El siglo XX fue testigo de una era en la que la economía internacional terminó dependiendo del capital financiero y de los monopolios hoy encarnados en gigantescas multinacionales, principalmente concentradas en Estados Unidos. De Teodoro Roosevelt a Donald Trump los distintos gobiernos norteamericanos han servido de portaestandartes del gran capital y sus negocios, que hoy, en el siglo XXI, se extienden a escala global. Sin este contexto, del cual hoy vivimos un intenso desarrollo, no puede comprenderse la entrada y desarrollo de la corrupción en Colombia, que no se desprende de que los colombianos seamos malos por naturaleza, sino de condiciones económicas y sociales concretas. Estas mismas condiciones que llevaron, por ejemplo, al burdo caso del oleoducto de la Andian, narrado por Jorge Villegas en su libro Petróleo colombiano, ganancia gringa.
En 1922 arrancó la explotación a escala comercial de los yacimientos petroleros de la concesión De Mares —en Barrancabermeja— por parte de la compañía norteamericana Tropical Oil Company —la Troco— y como la parte gruesa del negocio era la exportación de este se debía construir un oleoducto. La nación, en su momento, propuso una fórmula en la que la Troco debía construir el oleoducto que, al término de un contrato definido, debía pasar al patrimonio público. Sin embargo, los empresarios extranjeros, para evitar esta norma, comenzaron una serie de maromas —creando incluso otra empresa, la Andian Corporation— en las que “persuadieron”, a través del oro yanqui, a funcionarios de menor y mediano rango hasta alcanzar al mismísimo presidente, en ese entonces Pedro Nel Ospina.
Carlos Alfonso Urueta, abogado y embajador en Washington, tuvo el deshonroso papel de servir de intermediario entre el capitán Flanagan, jefe de la nueva empresa, y los senadores, medios de comunicación, ministros y presidente sobornados.
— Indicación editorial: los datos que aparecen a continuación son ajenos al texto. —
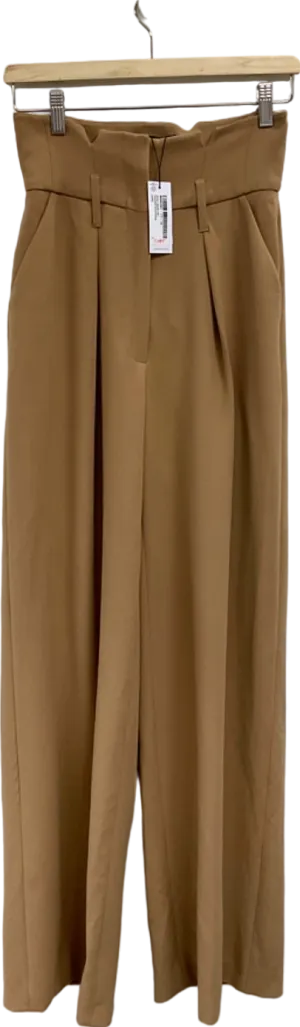 Karen Millen Beige High-Waisted Trousers UK 6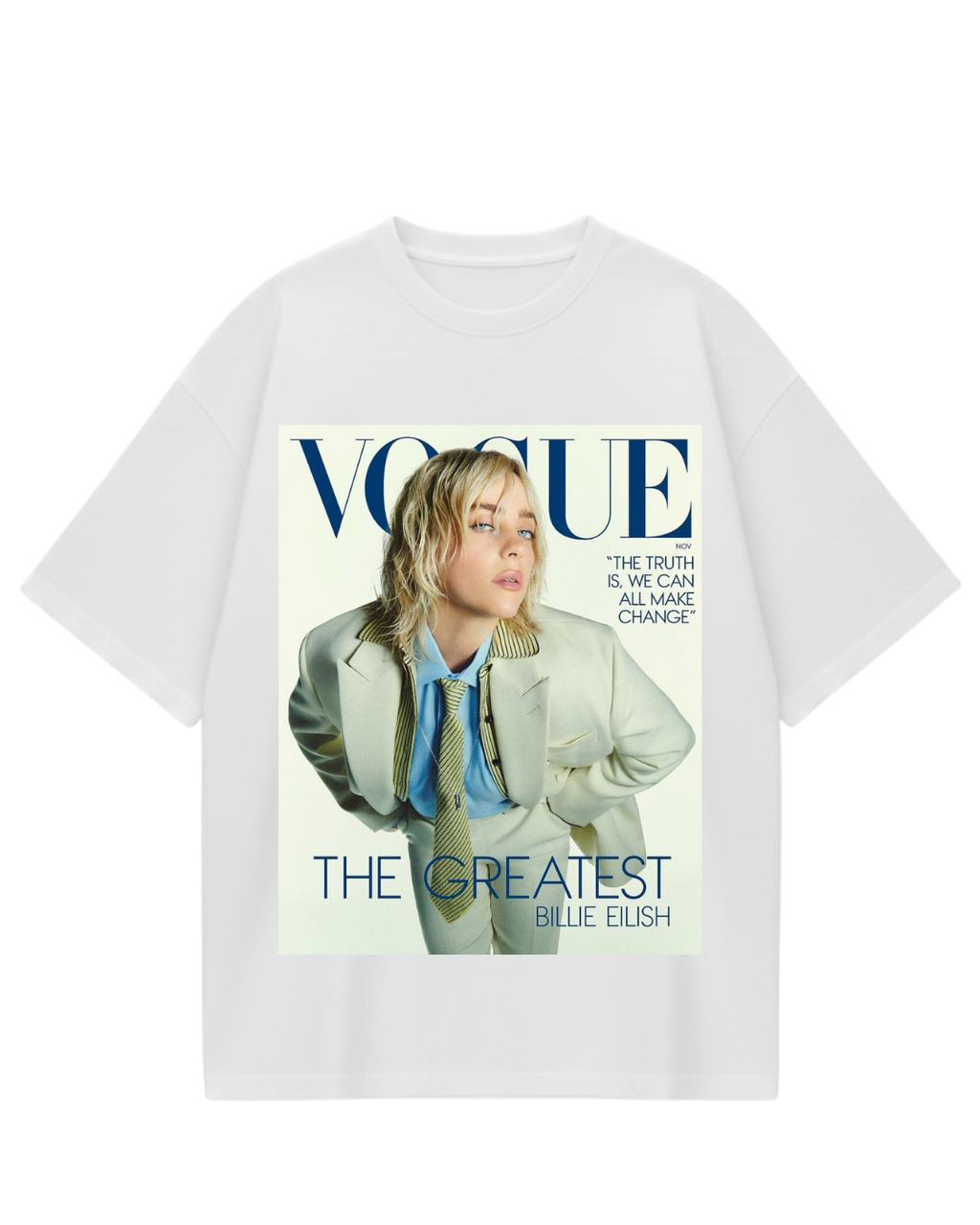 Billie Eilish Vouge White Oversized Tee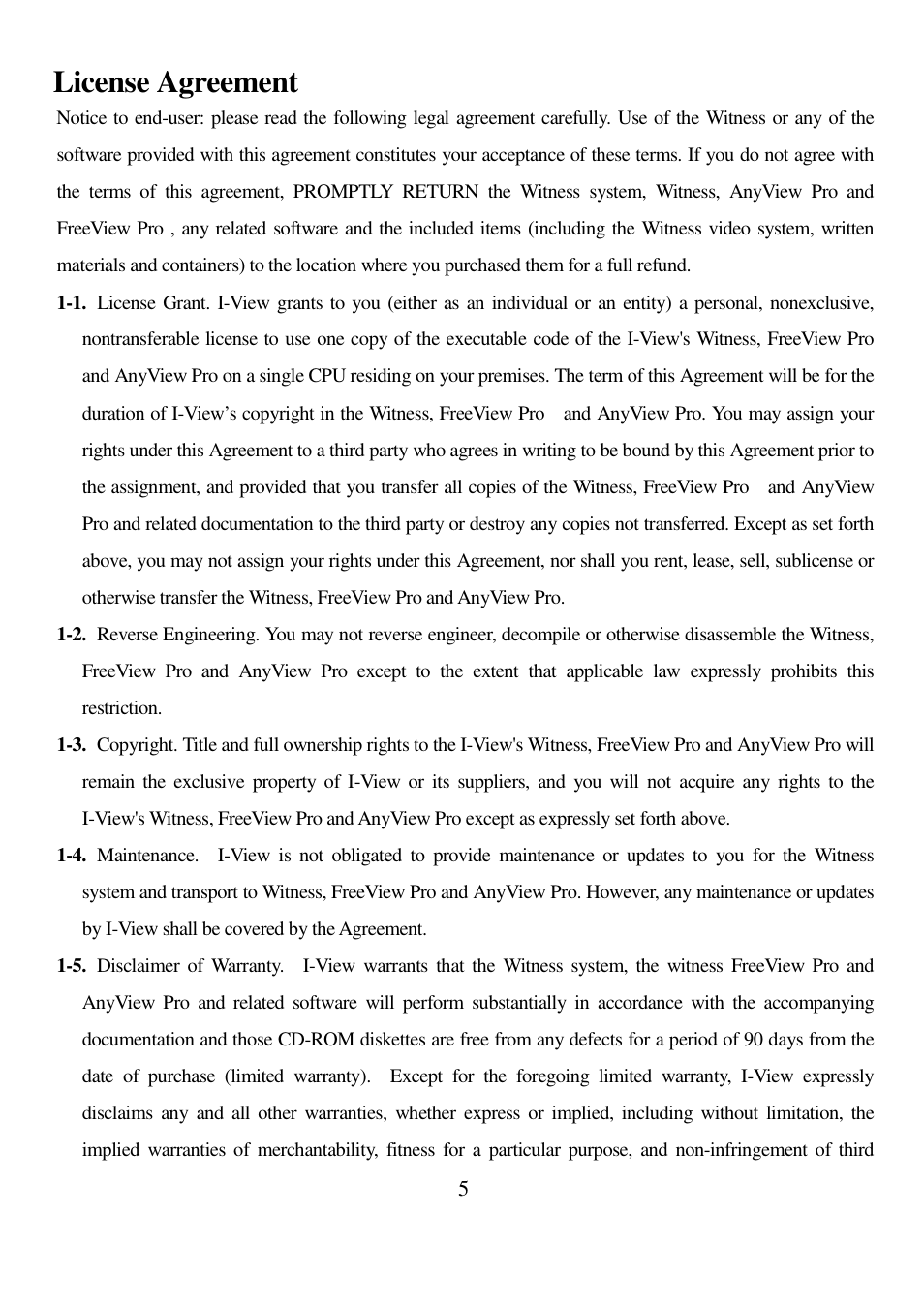 License agreement | I-View Digi-4800XP 16 channels Hybrid Embedded DVR User Manual | Page 5 / 48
La investigación, a pesar de que se realizó con todo el rigor, fue obviada por el Senado, de mayoría conservadora, y todo quedó en la impunidad. Por fortuna, y con posterioridad, la lucha por la nacionalización del petróleo a través de la edificación de Ecopetrol fue clave para detener este tipo de afrentas contra Colombia.
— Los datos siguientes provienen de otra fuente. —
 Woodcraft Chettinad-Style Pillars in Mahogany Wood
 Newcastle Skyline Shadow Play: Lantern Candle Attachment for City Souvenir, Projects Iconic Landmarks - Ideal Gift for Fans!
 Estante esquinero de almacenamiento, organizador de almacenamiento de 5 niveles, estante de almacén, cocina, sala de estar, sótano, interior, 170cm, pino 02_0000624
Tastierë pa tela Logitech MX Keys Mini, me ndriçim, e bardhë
Sin embargo, los herederos de las conductas tramposas de la Andian, entre los que se encuentran los malandros de Odebrecht —y sus cómplices—, han gozado de una suerte similar: quienes jugaron el papel de calanchines de los grandes negocios quedaron en la impunidad, ¡y hasta han tenido el descaro de demandar al Estado colombiano amparados en la oprobiosa legislación contenida en los Tratados de Libre Comercio!
La corrupción no son solamente actos indebidos de manzanas podridas, sino que se esparce y toma nuevas formas gracias a la gravísima penetración del capital extranjero, cuyo interés es contrario a los derechos de las clases laboriosas y de la preservación medioambiental. En últimas corresponde a las relaciones sociales emanadas de una situación en la que la prioridad es adentrarnos en un orden mundial en el que Colombia juega como peón de los grandes monopolios que, en la era neoliberal, han alcanzado dimensiones extraordinarias.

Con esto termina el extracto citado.